At a deeper level, however, the external characteristics of calligraphy do not merely reinforce the flatness of the picture space in the ways in which such aesthetic options were favoured during the 1950s and 1960s much beyond Europe. The works eschew, with remarkable freshness, further explorations into the known aesthetic elements of, say, surface and textures.

In other words, Ho Ying and Eng Seng appropriate calligraphy in such a way that the resulting images become visual subtexts. The subversive act of invoking a language only to undermine its textual content is a direct witness to this. The very title "See it. Feel it. Love it." foregrounds, for instance, these distinct expectations from the viewers. In turn, the show shifts attention from the readability of the artworks to a more effective participatory role of the viewers.

An installation piece by Teo Eng Seng, "Together" in the show is directly to the point ( Figure 2). It literally appropriates the viewers as well as the gallery space as its material. The work transforms the gallery space in such a way that the viewers become an indispensable part of the work with their limbs enacting parts of the calligraphic gesture in the work. (I am grateful to Tay Kiam Hong, another acclaimed artist in Singapore, for drawing my attention to this.)

It proposes a mock serious distance that separates the viewers from a fictional horizon that is located away from them within the gallery (Figure 3). Teo Eng Seng, in a number of his two-dimensional works included in the show, constantly addresses such fictional spaces by employing layers upon layers of his chosen material. He employs hand made paper, through a process that he has named paperdyesculp, for creating multiple layers of surfaces.

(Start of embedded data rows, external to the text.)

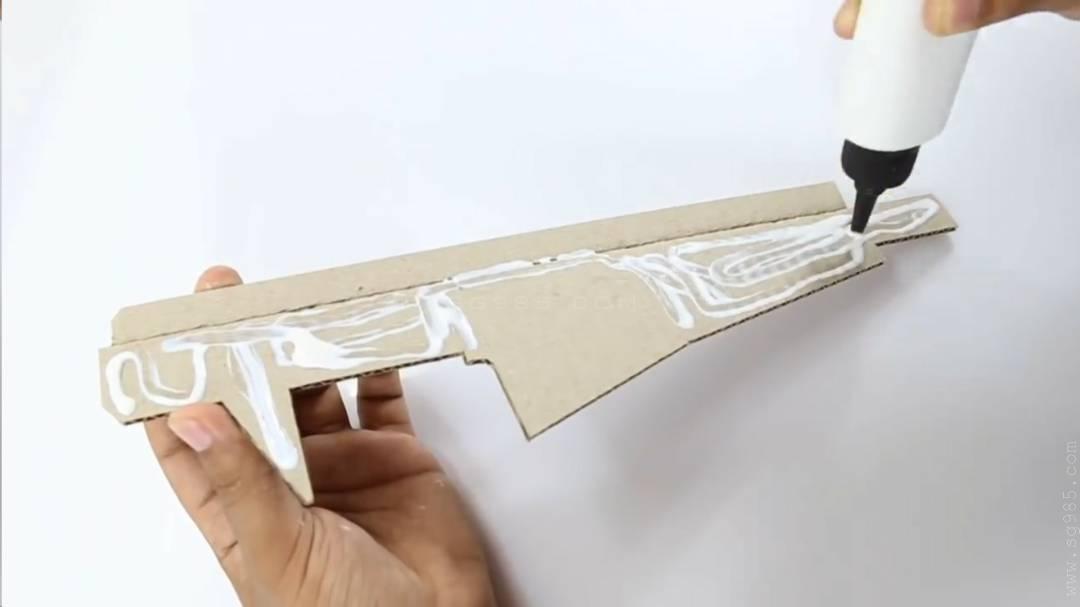纸板枪图纸 awm/瓦楞纸板枪图纸wgog917用纸板制作一把纸板狙击枪+制作图纸下载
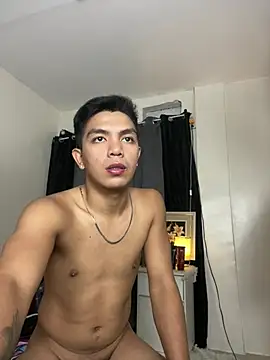 Snapshot of Hunky_paul chatting on July 2026 03:07:01 PM Hunky paul online show from July 2026 03:07:01 PM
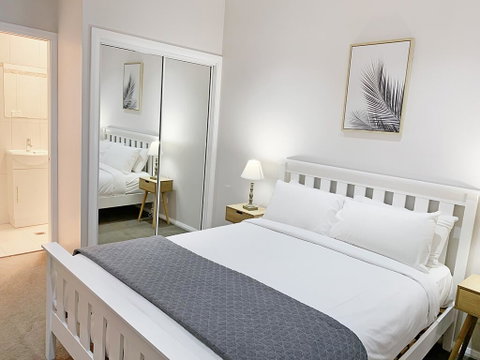 Bright 3-bedroom Apartment - Central Armidale - Pubs and Clubs 1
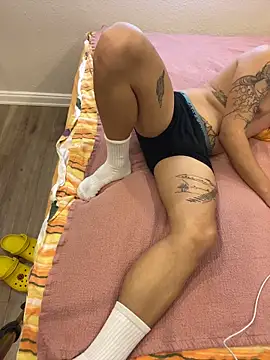 darkdecide online show from December 1, 2025, 1:23 pm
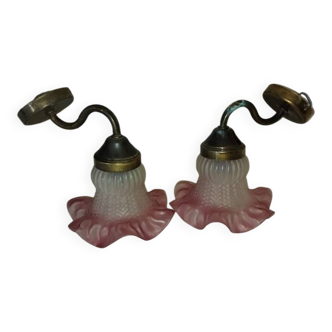 Vintage Wall Sconce Pair – Moulded Pink Glass & Brass | Retro Elegance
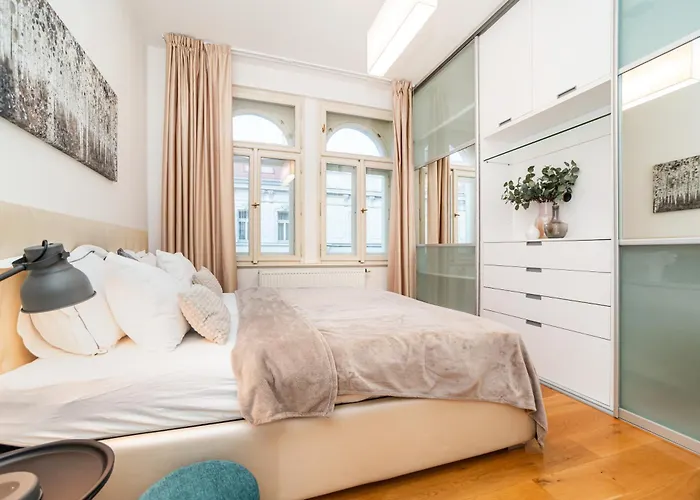 Apartamento Large And Stylish In *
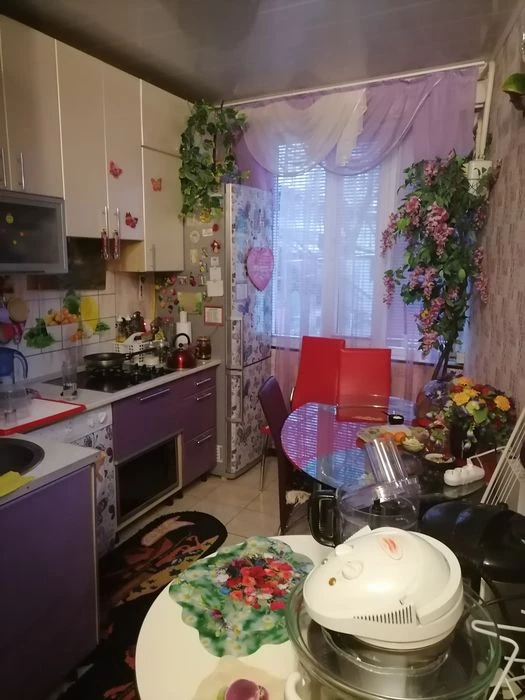 Продаётся 2ком. жильё очень симпатичное, ухоженое, в тихом д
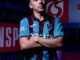 Footballeur en maillot bleu et bordeaux.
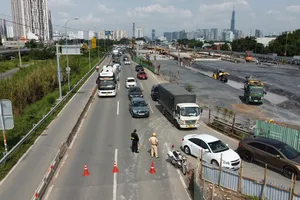 Nhiều tuyến đường phía Đông TP.HCM bị ùn ứ, tạm thời đóng đường vào cao tốc
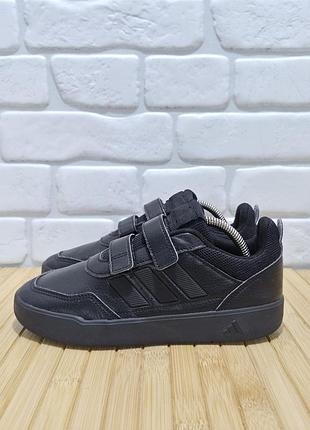 Кросівки adidas 2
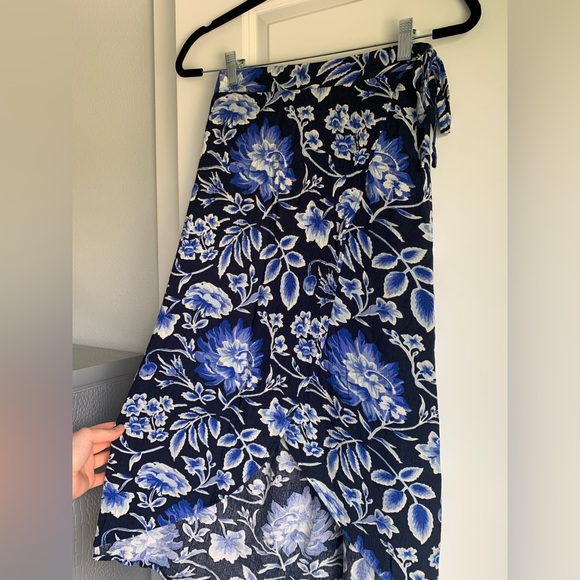 Women’s skirt - Picture 2 of 5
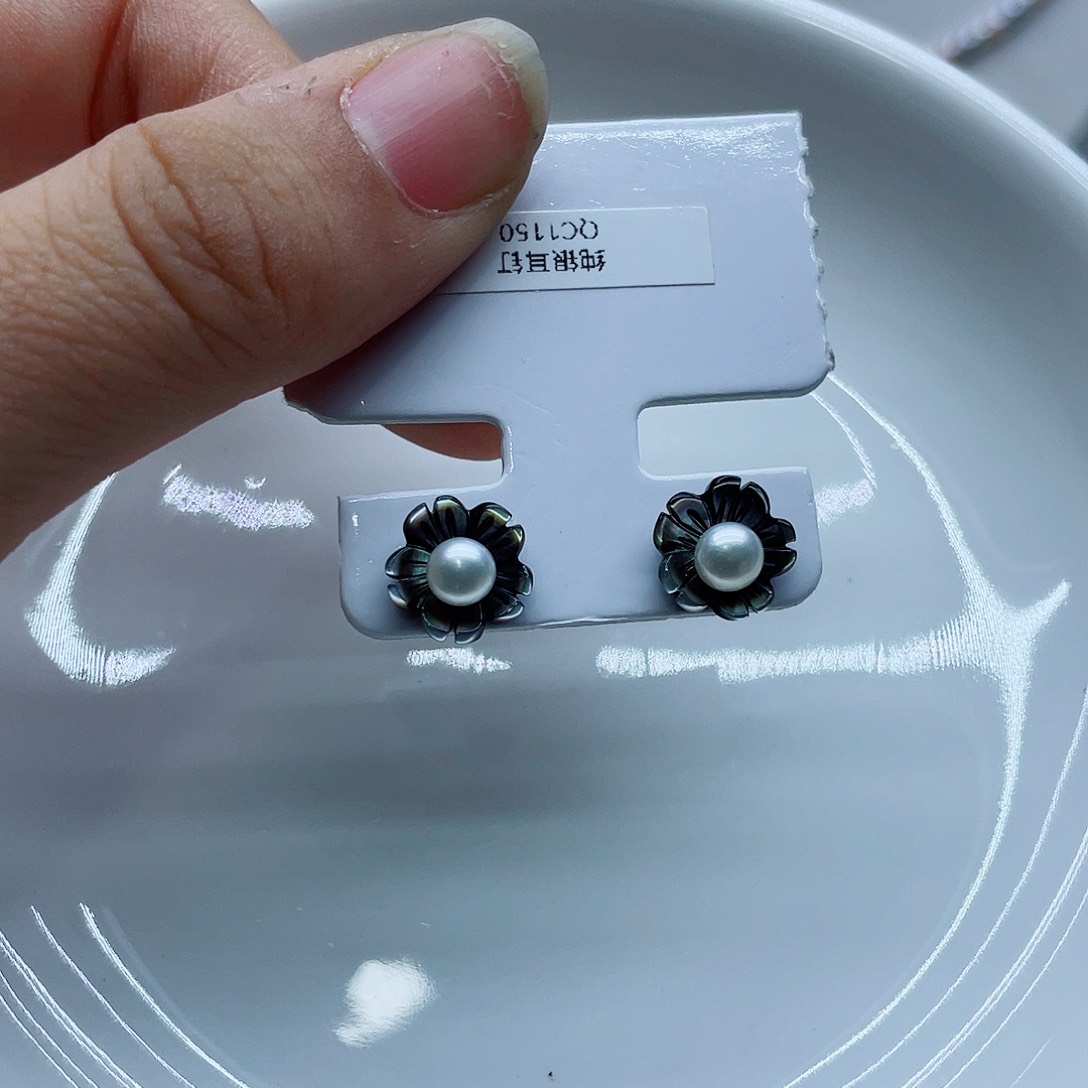 银S925镶嵌耳饰淡水珍珠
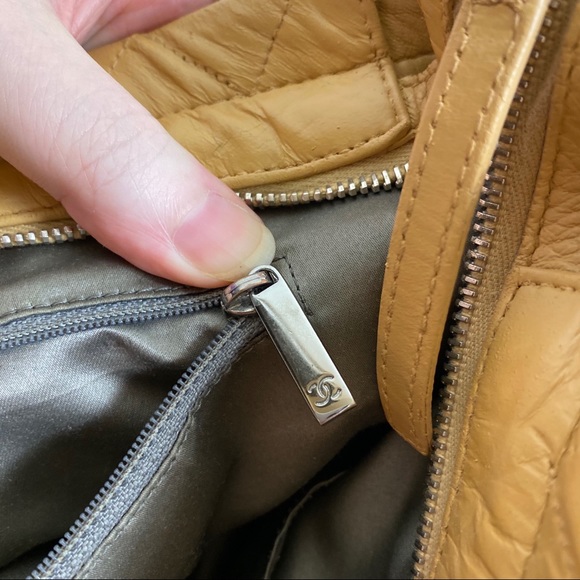 CHANEL Lambskin Sharpei N/S Classic Beige - Picture 5 of 8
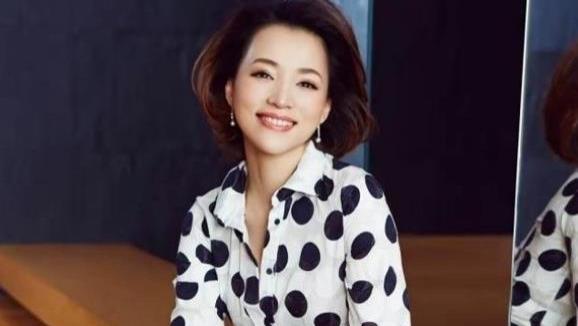 袁泉、董卿亲自示范：穿裙子不要配运动鞋，太土！这样穿更优雅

Ho Ho Ying, on the other hand, merges the surface with the calligraphic characters in his compositions. The formal characteristics of the text and the image are integrated to reinforce the unique visual subtexts he proposes. His works seem to privilege sensory experiences, at the outset, by undermining analytical interpretations. However, they actually pay tribute to the alliance between image and text in such a way that neither of them is reduced to its apparent meaning.

The surface in "Restructure IV" (Figure 4), for instance, is reinforced through multiple colours that interlace and vibrate in such a way that neither of them can be reduced to a simplistic one-dimensional form or meaning. A baffling maze of calligraphic strokes overlap and define the composition through a marked stress on expressionist gestures. As Tao Eng Seng pointed out in a conversation with the reviewer during the show, calligraphy is calligraphy if we do not understand it. It is, in fact, a reminder of the complex issue that we do not get what we see in a language, visual or otherwise. It is an ever-expanding process suggesting the ways in which surface and depth constantly collaborate.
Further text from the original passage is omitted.